Then OCaml complains that the last match case is unused (i.e., it will never be reached).  Again, this is wonderful because it tells us there's some useless code that we should either trim away, or reexamine to see why it will never be executed.  Again, we will not accept code that has redundant patterns.

So how can the OCaml type-checker determine that a pattern match is exhaustive and that there are no dead cases?  The reason is that patterns can only test a finite number of things (there are no loops in patterns), the tests are fairly simple (e.g., is this a `Real_num` or an `Int_num`?) and the set of datatype constructors for a given type is closed.  That is, after defining a datatype, we can't simply add new data constructors to it.  Note that if we could, then every pattern match would be potentially inexhaustive.

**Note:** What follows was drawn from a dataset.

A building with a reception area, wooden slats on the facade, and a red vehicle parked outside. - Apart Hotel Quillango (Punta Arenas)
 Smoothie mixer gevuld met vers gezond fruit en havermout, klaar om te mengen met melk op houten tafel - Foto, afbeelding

At first, this seems to be a shortcoming of the language.  Adding new constructors is something that happens all the time, just as adding new subclasses happens all the time in Java programs.  The difference in OCaml is that, if you add a new data constructor to a datatype declaration, then the compiler will tell you where you need to examine or change your code through "match inexhaustive" errors.  This makes pattern matching an invaluable tool for maintaining and evolving programs.

So sometimes, by limiting a programming language we gain some power.  In the case of the pattern-matching sub-language of OCaml, the designers have restricted the set of tests that can be performed so that the compiler can automatically tell you where you need to look at your code to get it in sync with your definitions.